Si en el mundo hubo planes de conquista más absurdos que este, sin duda no se incluyeron en los libros de texto. Alexander hizo todo lo que pudo. Utilizó todo su encanto y carisma para derretir su corazón.
Es una pena que Lyuda no lo supiera. No valoró ni su nivel de preparación ni su destreza. Cenó tranquilamente y, tras dar las gracias, pidió que la llevaran al hotel.
De pie en la puerta de su habitación de hotel, Lyudmila volvió a dar las gracias por la cena, agradeció por separado que el hombre hubiera guardado silencio y no la hubiera interrumpido mientras comía, y ni siquiera lo abrazó al despedirse. Y le apetecía hacerlo. Algo que ocurre muy raramente. No es una persona muy táctil, qué le vamos a hacer.
Alexander daba vueltas por su habitación de hotel, buscando la razón de su fracaso. Repitió todos sus planes tantas veces que, en el momento del viaje, estaba cien por cien seguro de que Lyuda diría exactamente las palabras que él había planeado.
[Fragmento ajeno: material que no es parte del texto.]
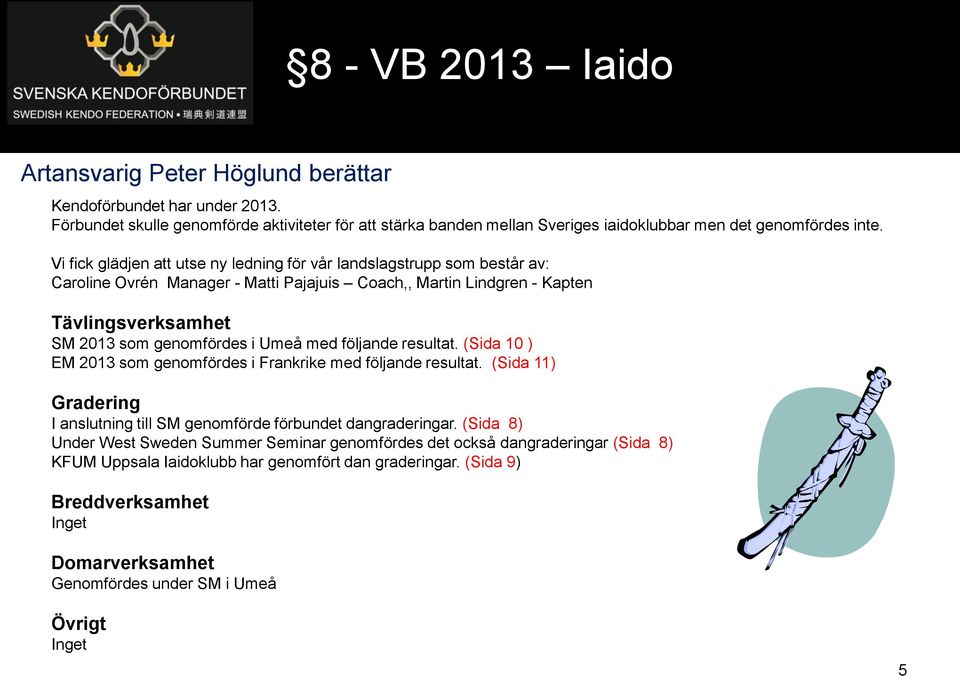 med följande resultat. (Sida 10 ) EM 2013 som genomfördes i Frankrike med följande resultat. (Sida 11) Gradering I anslutning till SM genomförde förbundet dangraderingar.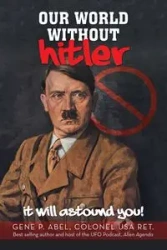 OUR WORLD WITHOUT HITLER - Abel Gene P. Colonel USA Ret.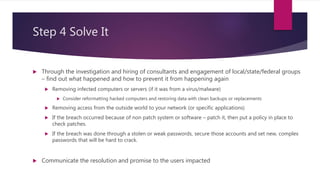 Step 4 Solve It
 Through the investigation and hiring of consultants and engagement of local/state/federal groups
– find out what happened and how to prevent it from happening again
 Removing infected computers or servers (if it was from a virus/malware)
 Consider reformatting hacked computers and restoring data with clean backups or replacements
 Removing access from the outside world to your network (or specific applications)
 If the breach occurred because of non patch system or software – patch it, then put a policy in place to
check patches.
 If the breach was done through a stolen or weak passwords, secure those accounts and set new, complex
passwords that will be hard to crack.
 Communicate the resolution and promise to the users impacted
 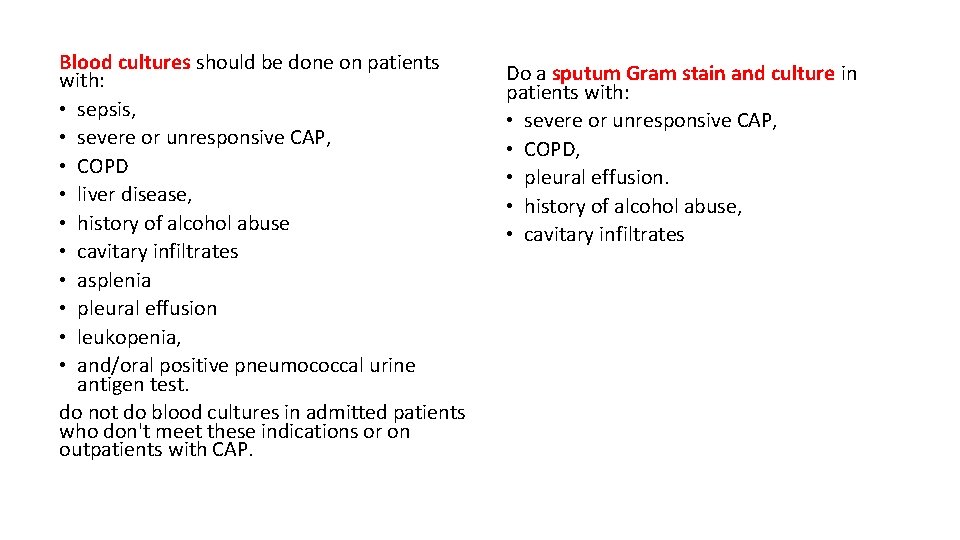 Blood cultures should be done on patients with: • sepsis, • severe or unresponsive Blood cultures should be done on patients with: • sepsis, • severe or unresponsive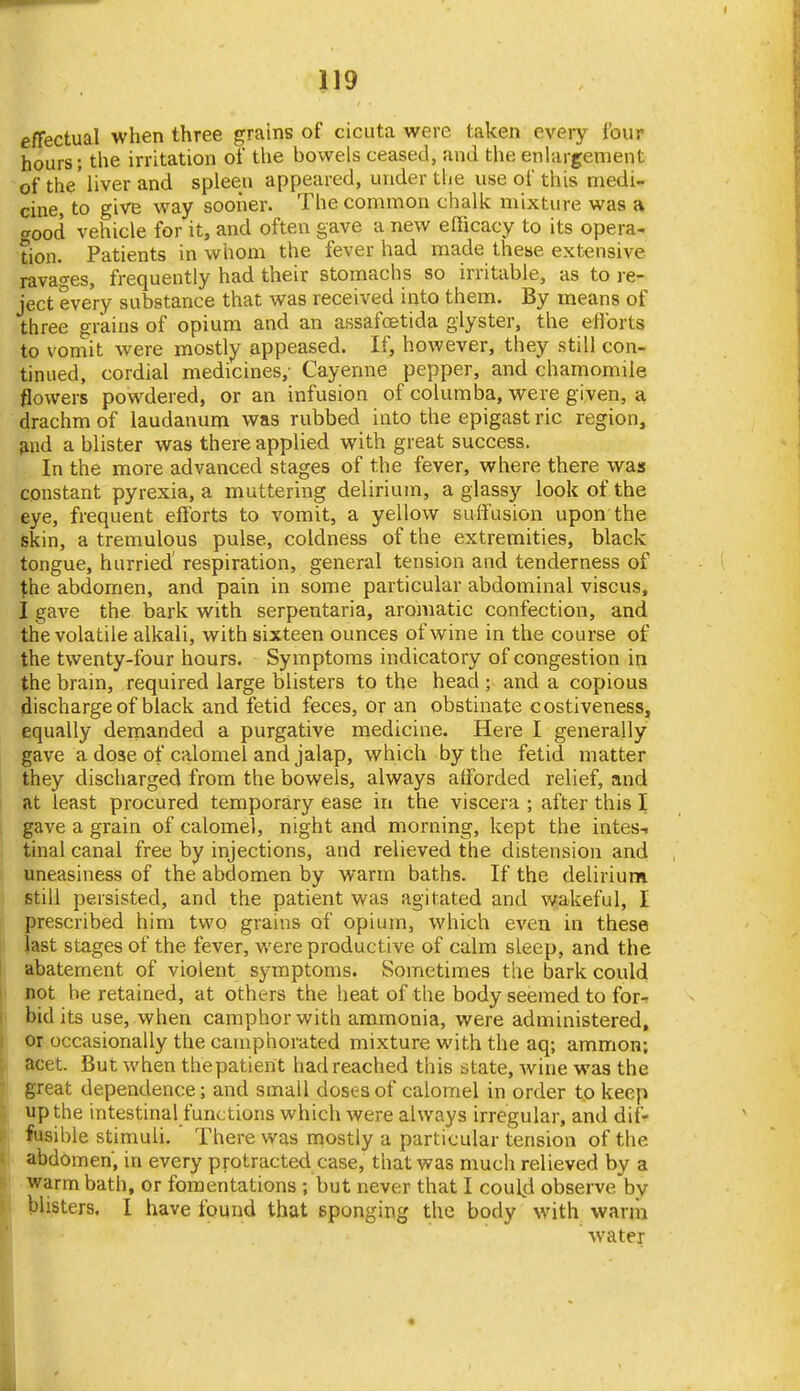 effectual when three grains of cicuta were taken every {'our hours; the irritation of the bowels ceased, and the enlargement of the' liver and spleen appeared, under the use of this medi- cine, to give way sooner. The common chalk mixture was a o-ood vehicle for it, and often gave a new efficacy to its opera- tion. Patients in whom the fever had made these extensive ravao-es, frequently had their stomachs so irritable, as to re- ject every substance that was received into them. By means of three grains of opium and an assafoetida glyster, the efforts to vomit were mostly appeased. If, however, they still con- tinued, cordial medicines,- Cayenne pepper, and chamomile flowers powdered, or an infusion of columba, were given, a drachm of laudanum was rubbed into the epigast ric region, ;ind a blister was there applied with great success. In the more advanced stages of the fever, where there was constant pyrexia, a muttering delirium, a glassy look of the eye, frequent efforts to vomit, a yellow suffusion upon the skin, a tremulous pulse, coldness of the extremities, black tongue, hurried' respiration, general tension and tenderness of \he abdomen, and pain in some particular abdominal viscus, I gave the bark with serpentaria, aromatic confection, and the volatile alkali, with sixteen ounces of wine in the course of the twenty-four hours. Symptoms indicatory of congestion in the brain, required large blisters to the head ; and a copious discharge of black and fetid feces, or an obstinate costiveness, equally demanded a purgative medicine. Here I generally gave a dose of calomel and jalap, which by the fetid matter they discharged from the bowels, always afforded relief, and at least procured temporary ease in the viscera ; after this I gave a grain of calomel, night and morning, kept the intes-i tinal canal free by injections, and relieved the distension and uneasiness of the abdomen by warm baths. If the delirium still persisted, and the patient was agitated and wakeful, I prescribed him two grains of opium, which even in these last stages of the fever, were productive of calm sleep, and the abatement of violent symptoms. Sometimes the bark could not be retained, at others the heat of the body seemed to for-r bid its use, when camphor with ammonia, were administered, or occasionally the camphorated mixture with the aq; ammon; acet. But when the patient had reached this state, wine was the great dependence; and small doses of calomel in order to keep up the intestinal functions which were always irregular, and dif- fusible stimuli. There was n^ostly a particular tension of the abdomen, in every pfotracted case, that was much relieved by a warm bath, or fomentations ; but never that I could observe by blisters. I have found that eponging the body with wariii water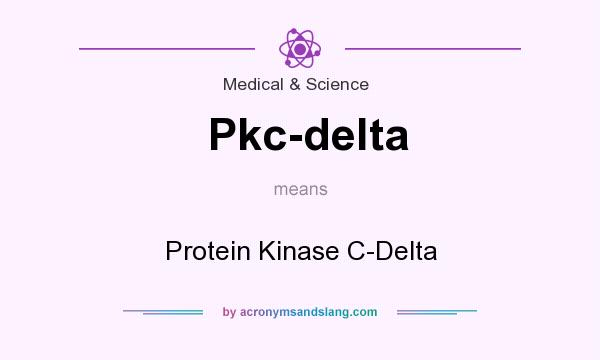 What does Pkc-delta mean? It stands for Protein Kinase C-Delta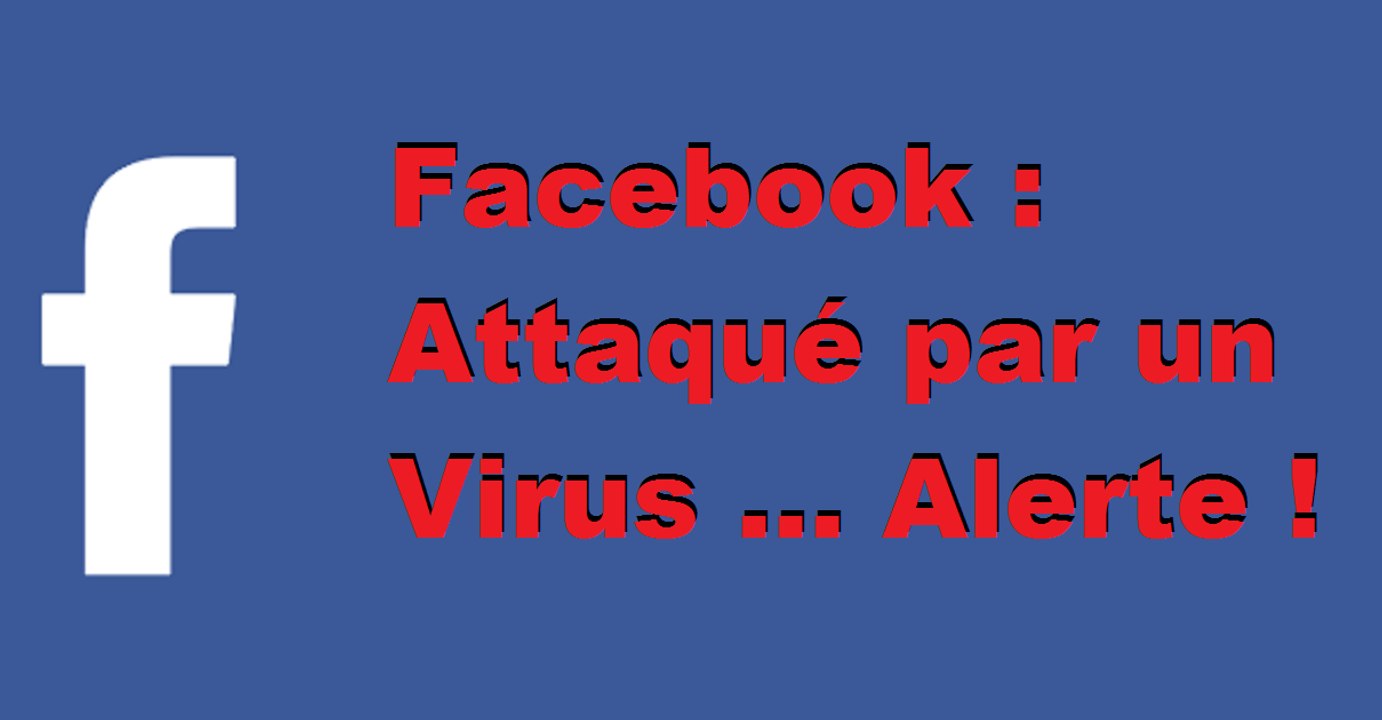 Alerte : Un Virus sur FaceBook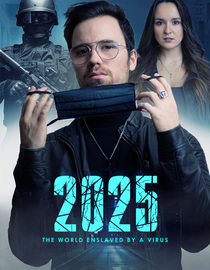 2025: The World Enslaved by a Virus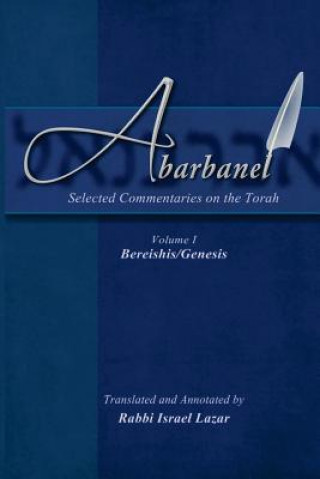 Kniha Abarbanel - Selected Commentaries on the Torah: Bereishis (Genesis) Rav Yitzchok Abarbanel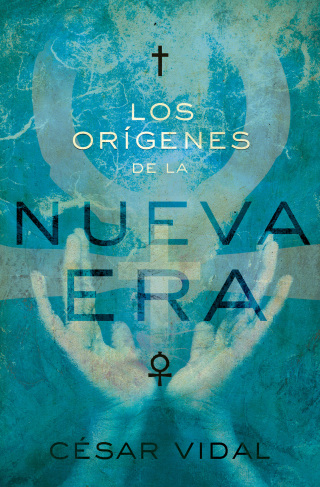 Cover image: Los orígenes de la Nueva Era 9781602552784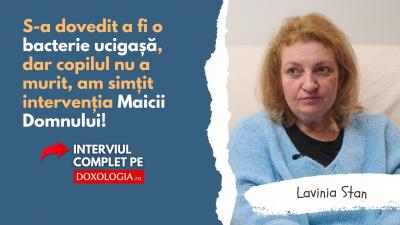 (Video) S-a dovedit a fi o bacterie ucigașă, dar copilul nu a murit, am simțit intervenția Maicii Domnului!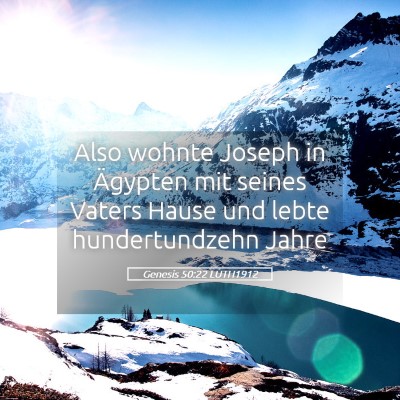 Picture 05 - Genesis 50:22 LUTH1912 - Also wohnte Joseph in Ägypten mit seines Vaters - Bible Verse Picture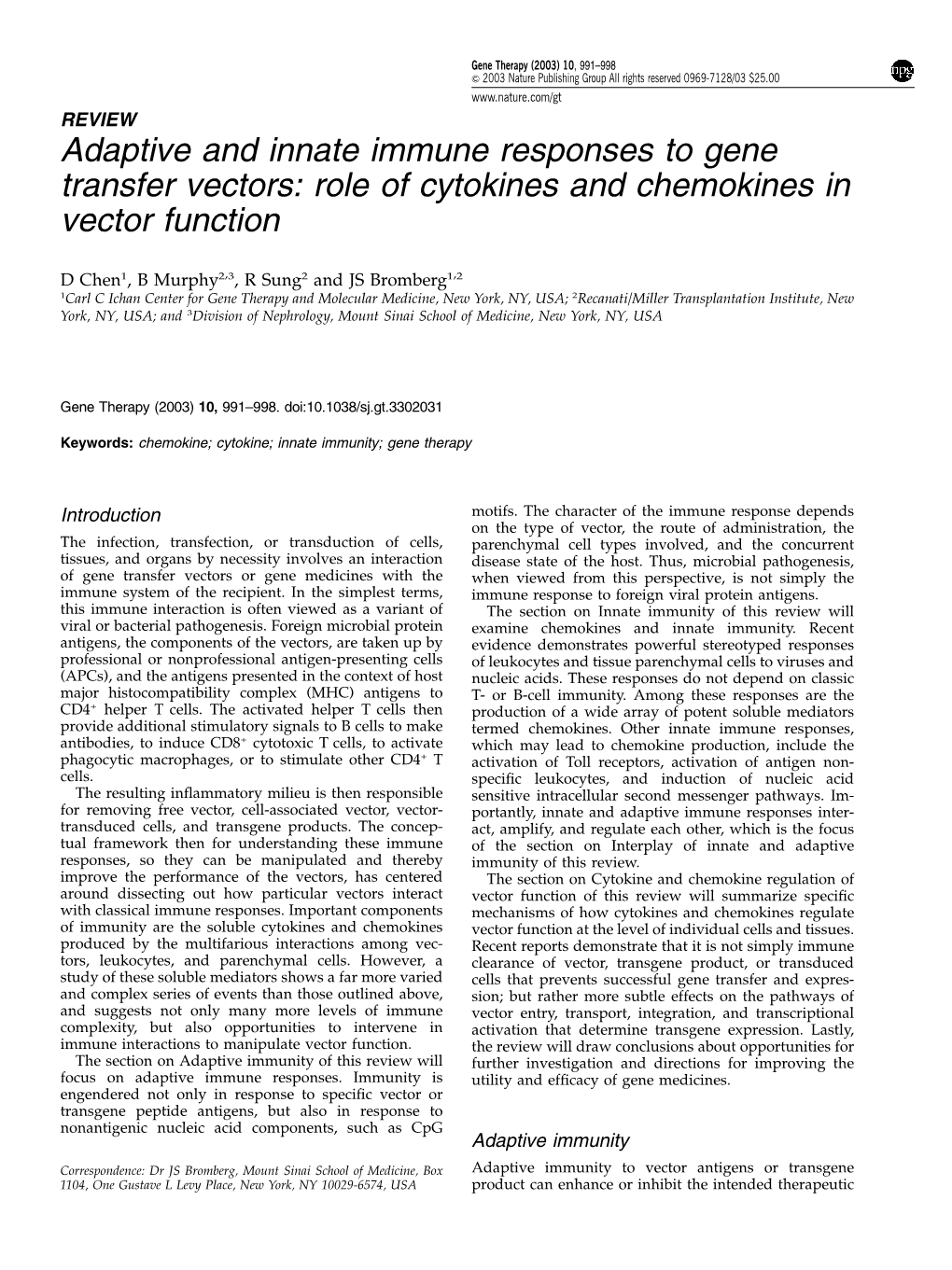 Adaptive and Innate Immune Responses to Gene Transfer Vectors: Role of Cytokines and Chemokines in Vector Function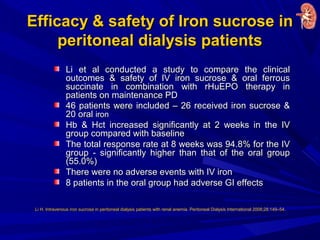 Efficacy & safety of Iron sucrose inEfficacy & safety of Iron sucrose in
peritoneal dialysis patientsperitoneal dialysis patients
Li et al conducted a study to compare the clinicalLi et al conducted a study to compare the clinical
outcomes & safety of IV iron sucrose & oral ferrousoutcomes & safety of IV iron sucrose & oral ferrous
succinate in combination with rHuEPO therapy insuccinate in combination with rHuEPO therapy in
patients on maintenance PDpatients on maintenance PD
46 patients were included – 26 received iron sucrose &46 patients were included – 26 received iron sucrose &
20 oral20 oral ironiron
Hb & Hct increased significantly at 2 weeks in the IVHb & Hct increased significantly at 2 weeks in the IV
group compared with baselinegroup compared with baseline
The total response rate at 8 weeks was 94.8% for the IVThe total response rate at 8 weeks was 94.8% for the IV
group - significantly higher than that of the oral groupgroup - significantly higher than that of the oral group
(55.0%)(55.0%)
There were no adverse events with IV ironThere were no adverse events with IV iron
8 patients in the oral group had adverse GI effects8 patients in the oral group had adverse GI effects
Li H. Intravenous iron sucrose in peritoneal dialysis patients with renal anemia. Peritoneal Dialysis International 2008;28:149–54.
 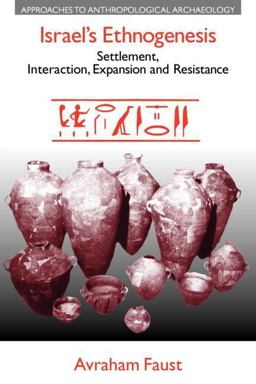 Israel's Ethnogenesis Settlement, Interaction, Expansion and Resistance  9781845534561 Front Cover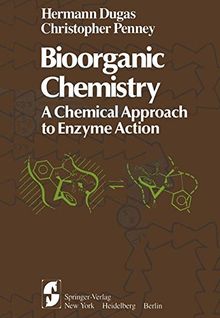 Bioorganic Chemistry: A Chemical Approach to Enzyme Action (Springer Advanced Texts in Chemistry)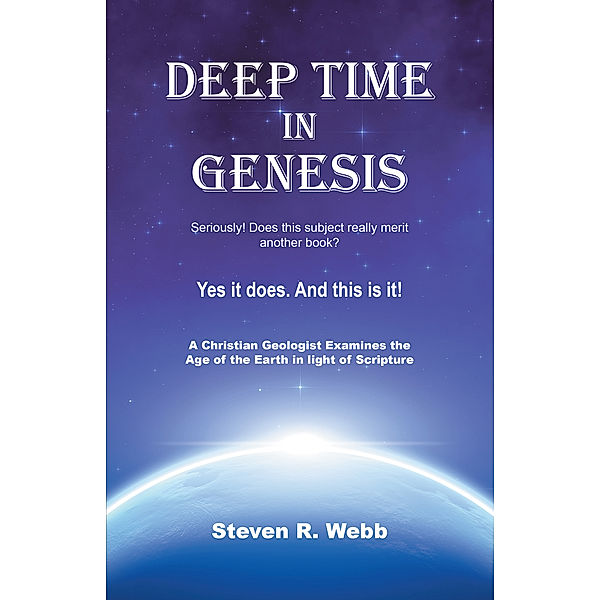 Deep Time in Genesis, Steven R. Webb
Al principio, la chica debía sonrojarse y agradecerle sinceramente el vestido. Preferiblemente, incluso abrazarlo por todos sus esfuerzos. En el mejor de los casos, ella podría besarle tímidamente en la mejilla y apartar la mirada. Este punto del plan había fracasado. Una furia ancestral se había apoderado de Liuda.
En el camino tenían que hablar. El hombre había planeado aprovechar ese tiempo para conocer su biografía, sus gustos y sus hábitos. Pero Liuda empezó a hablar sola, a pisotear el barro y la hierba y a enfadarse.